**ABOUT THIS TASK**
In the lines below, count those containing the word "Toyota" and give the number alone.

Source data
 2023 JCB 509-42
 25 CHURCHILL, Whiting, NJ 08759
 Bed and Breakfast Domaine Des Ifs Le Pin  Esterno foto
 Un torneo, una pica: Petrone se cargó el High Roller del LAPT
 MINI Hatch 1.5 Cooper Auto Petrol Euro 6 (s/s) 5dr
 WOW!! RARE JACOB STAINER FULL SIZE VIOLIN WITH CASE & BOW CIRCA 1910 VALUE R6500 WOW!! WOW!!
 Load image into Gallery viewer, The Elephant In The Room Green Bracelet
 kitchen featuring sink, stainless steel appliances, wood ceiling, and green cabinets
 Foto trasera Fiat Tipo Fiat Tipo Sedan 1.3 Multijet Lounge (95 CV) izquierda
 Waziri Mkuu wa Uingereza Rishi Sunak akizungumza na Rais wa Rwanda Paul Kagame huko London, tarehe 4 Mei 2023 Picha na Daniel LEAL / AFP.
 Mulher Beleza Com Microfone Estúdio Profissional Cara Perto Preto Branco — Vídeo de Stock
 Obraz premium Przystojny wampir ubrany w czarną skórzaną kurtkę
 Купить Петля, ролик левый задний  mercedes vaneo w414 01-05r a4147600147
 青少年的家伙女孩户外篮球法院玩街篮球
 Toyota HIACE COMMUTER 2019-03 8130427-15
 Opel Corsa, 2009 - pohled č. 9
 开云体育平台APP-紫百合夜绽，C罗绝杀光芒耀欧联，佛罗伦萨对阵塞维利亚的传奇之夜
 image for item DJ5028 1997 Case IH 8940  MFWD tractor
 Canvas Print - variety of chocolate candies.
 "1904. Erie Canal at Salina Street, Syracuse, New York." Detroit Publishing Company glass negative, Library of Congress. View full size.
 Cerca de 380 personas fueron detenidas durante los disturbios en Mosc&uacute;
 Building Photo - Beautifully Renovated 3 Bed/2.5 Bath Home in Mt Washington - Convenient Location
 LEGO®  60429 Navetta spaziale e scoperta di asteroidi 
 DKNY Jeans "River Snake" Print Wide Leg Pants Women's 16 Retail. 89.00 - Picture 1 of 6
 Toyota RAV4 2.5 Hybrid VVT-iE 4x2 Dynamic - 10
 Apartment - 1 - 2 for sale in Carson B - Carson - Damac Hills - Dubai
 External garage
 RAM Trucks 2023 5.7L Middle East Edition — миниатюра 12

**TASK OUTPUT**
2